Monday, January 18, 2010
Ordering Custom Software for non-programmers
This post is a little different from most of my others. I am directing it at marketing and management types that order software developed but are not themselves actively involved in software. That might be a little unusual because by Google analytics I know that right now I only have one regular reader (Hi Joseph), but if a management type happens to come across this, more the better.
It's a sad fact that something like 80% of software projects fail (are never completed, miss their target, come in late, over budget or a combination of these). The truth is that software is hard and most (even the development team themselves) underestimate the effort required to complete a project.
The other big problem is that software is almost always a moving target, requirements change constantly. The biggest help a software customer can be is to try and limit these changes to only those necessary. Know what you really want and discuss these wants with the architect for the team doing the work. Talking with marketing is not enough you really must get to the architect or risk your vision being mangled in translation from marketing to development.
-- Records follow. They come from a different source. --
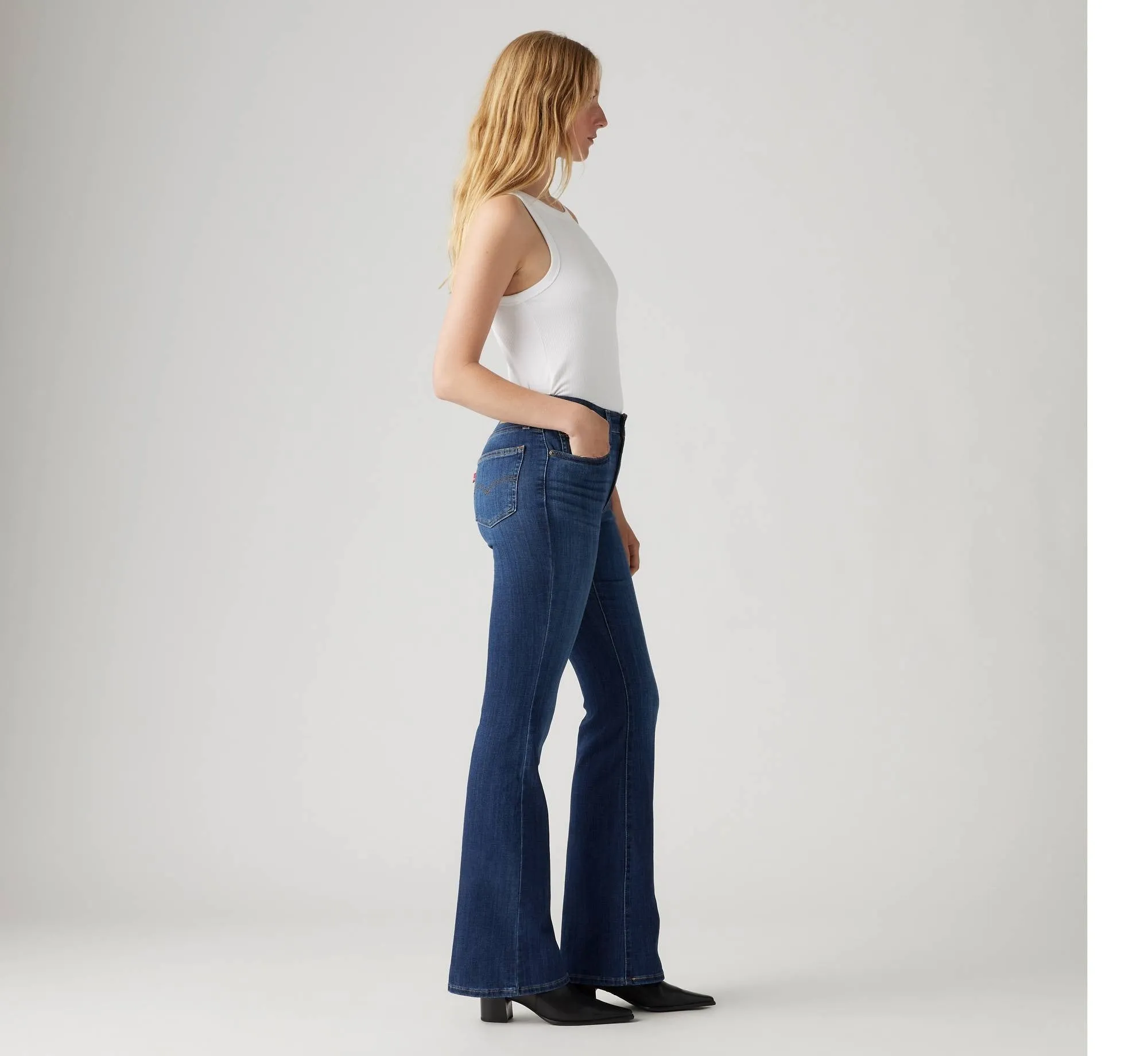 Levi's 726 High Rise Flare Health Is Wealth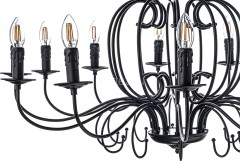 Подвесная люстра Arti Lampadari Amaro E 1.1.12 B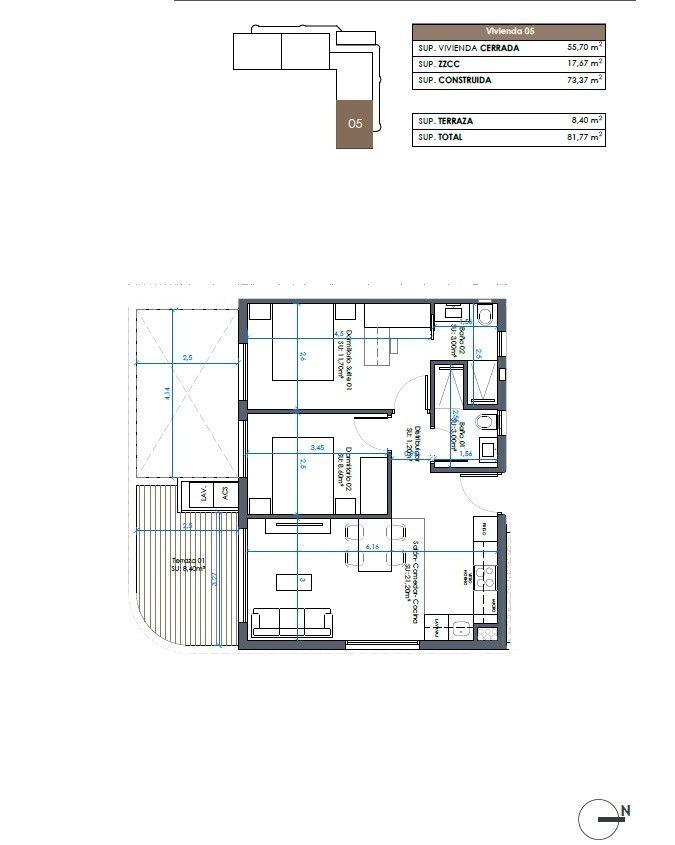 Apartamentos de nueva construcción en Guardamar del Segura: vida moderna a solo 1,4 km de la playa — 13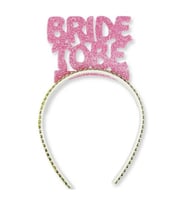 Eva Taç Pembe Bride To Be M193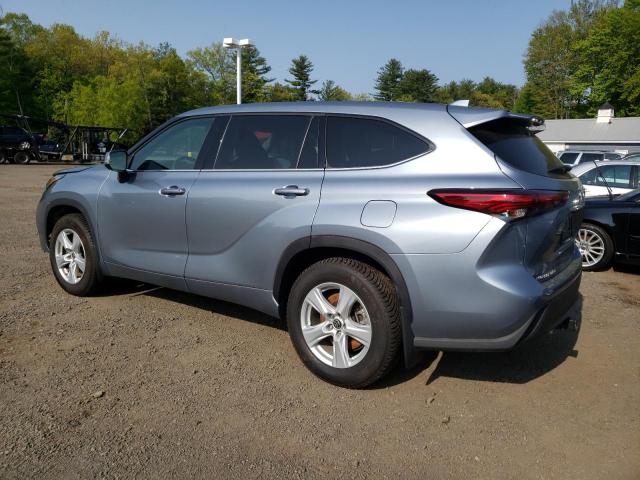 Photo 2 from auction – 2021 TOYOTA HIGHLANDER with VIN 5TDBZRBH6MS071177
First sit down and brain storm, what is the need the software is filling. Think hard on this, figure out exactly the need is. Come up with all the features that would be nice to have, maybe even draw up some quick mock-ups of the UI (if your program needs one). Now that you have that, go back and look at what you REALLY need, tear the software down to it's core features. Those features are your 1.0 software. Go over the whole list, including the wish-list you came up with first, with the architect but set your sight on that basic functionality.
By limiting the scope of the first version you make it significantly more likely that the project will succeed and your software need be fulfilled. Now go back and start meeting with the architect about your wish-list. In subsequent versions add more and more of those features. Until you have the software you dream of. This in my opinion is the best way to get satisfaction out of the software development process.